Gemäß Artikel 3 der „Rom I“-Verordnung gilt der Grundsatz der freien Rechtswahl. Danach können die Parteien grundsätzlich frei bestimmen, nach welchem Recht ein Vertrag ausgelegt und zum Beispiel Gewährleistungsfälle entschieden werden.

Bei Fehlen einer ausdrücklichen oder sich aus anderen Umständen des Vertrages ergebenden Rechtswahl sieht Artikel 4 der "Rom I"-Verordnung grundsätzlich Folgendes vor:

  • Kaufverträge über bewegliche Sachen unterliegen dem Recht des Staates, in dem der Verkäufer seinen gewöhnlichen Aufenthalt hat.
  • Auf Dienstleistungsverträge ist das Recht des Staates anwendbar, in dem der Dienstleister seinen gewöhnlichen Aufenthalt hat.

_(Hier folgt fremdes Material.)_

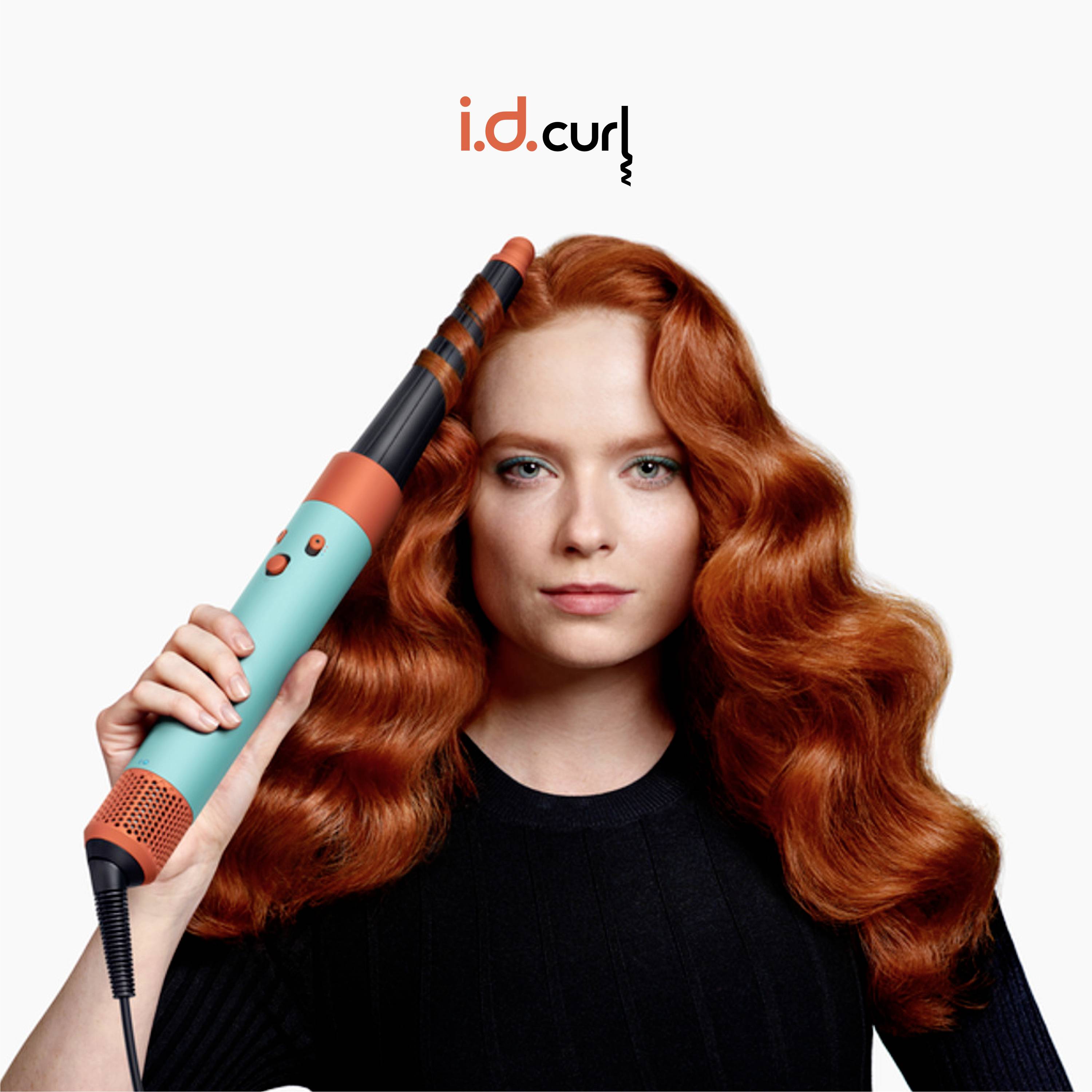 Frau mit langen, roten Locken hält einen blauen Lockenstab.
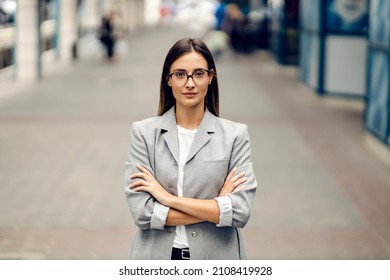 A Young Serious, Elegant Businesswoman Standing On The Street With Arms Crossed And Looking At The Camera. Success Coming With Hard Work. A Young Proud Woman On A Street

Im Zweifel gilt also beim Empfang von Dienstleistungen, die spanische Unternehmen für deutsche Unternehmer erbringen, das spanische Recht. Ergibt sich allerdings aus der Gesamtheit der Umstände, dass der Vertrag eine offensichtlich engere Verbindung zu einem anderen Staat aufweist, so ist das Recht dieses anderen Staates anzuwenden.

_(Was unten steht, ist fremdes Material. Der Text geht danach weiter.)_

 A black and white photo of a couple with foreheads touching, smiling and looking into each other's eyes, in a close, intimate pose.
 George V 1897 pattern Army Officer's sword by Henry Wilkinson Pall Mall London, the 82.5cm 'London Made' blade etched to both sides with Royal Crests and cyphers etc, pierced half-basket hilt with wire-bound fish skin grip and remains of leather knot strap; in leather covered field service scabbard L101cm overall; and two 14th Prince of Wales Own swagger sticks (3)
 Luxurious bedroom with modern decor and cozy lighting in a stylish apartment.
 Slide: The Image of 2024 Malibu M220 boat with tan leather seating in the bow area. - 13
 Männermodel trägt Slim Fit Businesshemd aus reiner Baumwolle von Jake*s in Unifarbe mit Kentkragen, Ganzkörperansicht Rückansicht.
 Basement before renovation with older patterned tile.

Wer als deutscher, unternehmerisch tätiger Dienstleistungsempfänger den Vertrag nach deutschem Recht abwickeln möchte, sollte daher eine ausdrückliche, schriftliche dementsprechende Rechtswahlklausel mit dem spanischen Partner vereinbaren.

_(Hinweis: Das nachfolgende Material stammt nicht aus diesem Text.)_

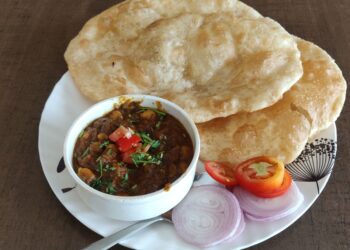 Chole bhature with chickpea curry and salad.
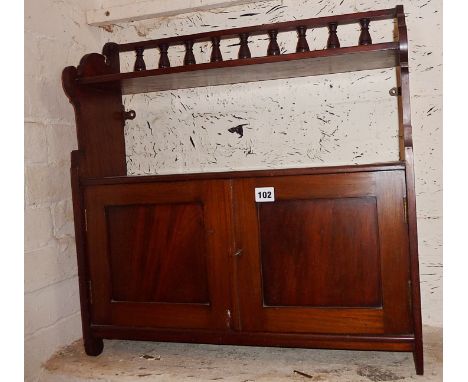 Late Victorian mahogany wall shelf with two cupboards, doors and turned gallery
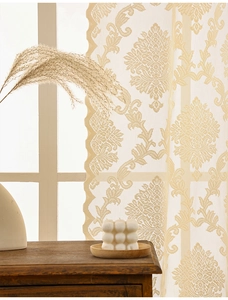 Close-up of beige lace curtain with elegant Damascus floral patterns and scalloped edges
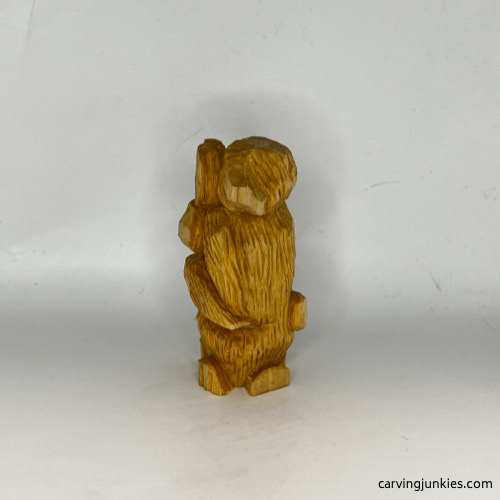 Left view of unpainted carved wooden dog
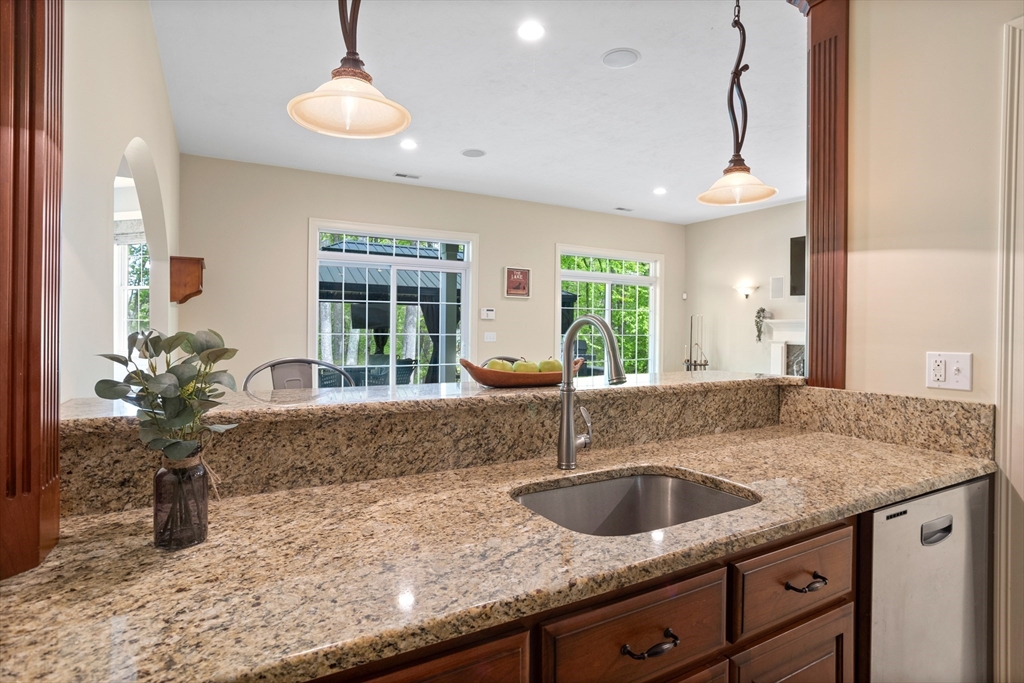 247 Whiley Road Groton, MA 01450 - Photo 26 of 42 a kitchen with a granite countertop sink and a window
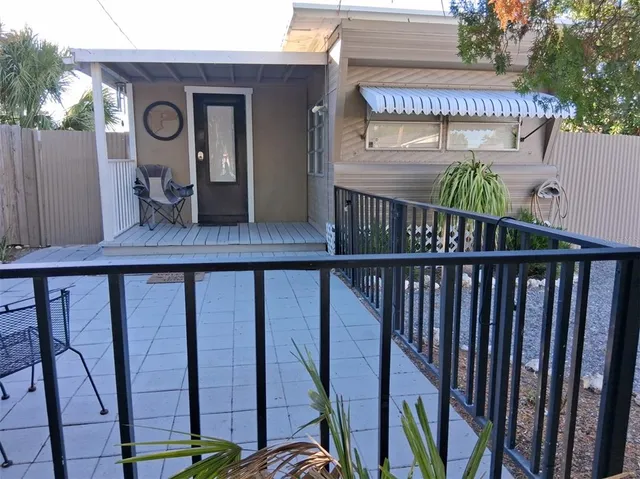 a view of a street with sitting area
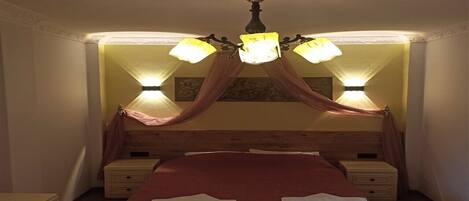 Un dormitorio con una cama con dosel, dos mesitas de noche y una araña.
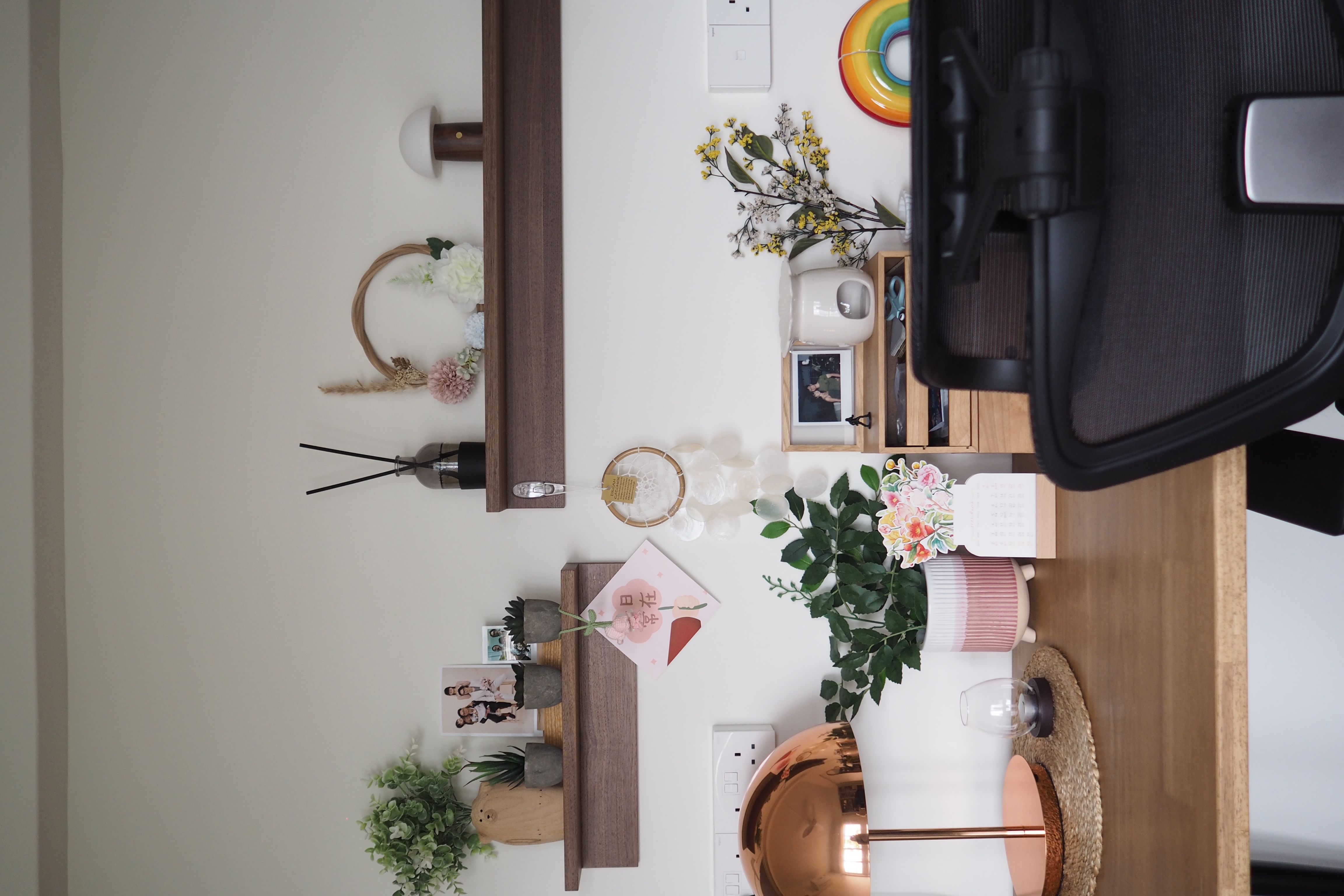 Home workspace with lots of knick knacks 🪴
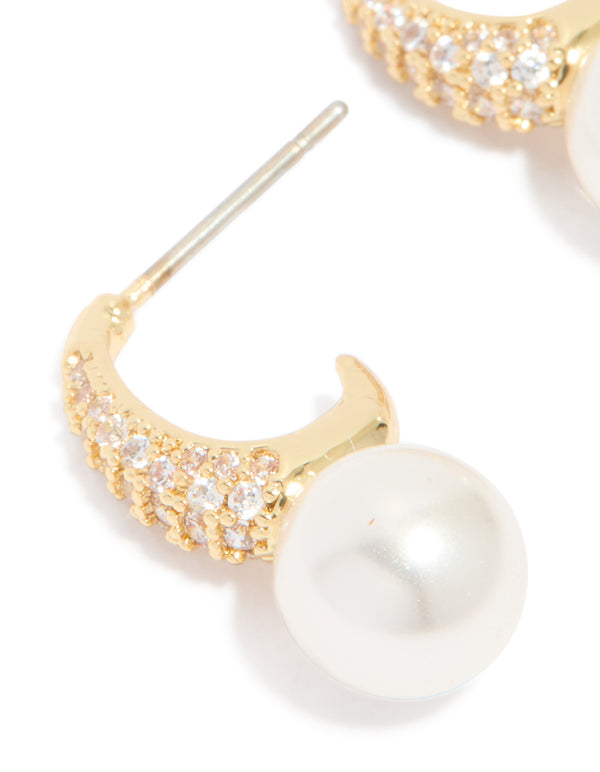 Highlighting gold plated cubic zirconia and pearl small pave open hoop earrings close up view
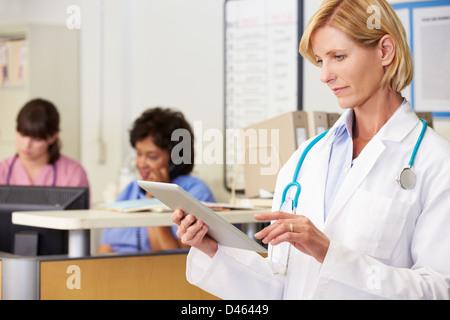 Female Doctor Using Digital Tablet At Nurses Station Stock Photo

In Folge der Umsetzung der Europäischen Dienstleistungsrichtlinie (Richtlinie 2006/123/EG) müssen Dienstleister in Spanien bestimmte Informationspflichten gegenüber Dienstleistungsempfängern erfüllen. Hierzu gehört auch, dass sie Dienstleistungsempfänger über die von ihnen verwendeten Vertragsklauseln über das auf den Vertrag anwendbare Recht informieren. Die gesetzliche Grundlage hierfür bildet Artikel 22 Absatz 2 lit. e) des spanischen Gesetzes Nr. 17/2009 vom 23.11.2009 über den freien Zugang zu Dienstleistungstätigkeiten und ihre Ausübung (Ley sobre el libre acceso a las actividades de servicios y su ejercicio). Weiterführende Ausführungen zu den Informationspflichten enthalten die Rubriken Vertragsrecht und Informationen zur Qualifikation des Dienstleisters dieses "Portal 21"-Spanien-Beitrages.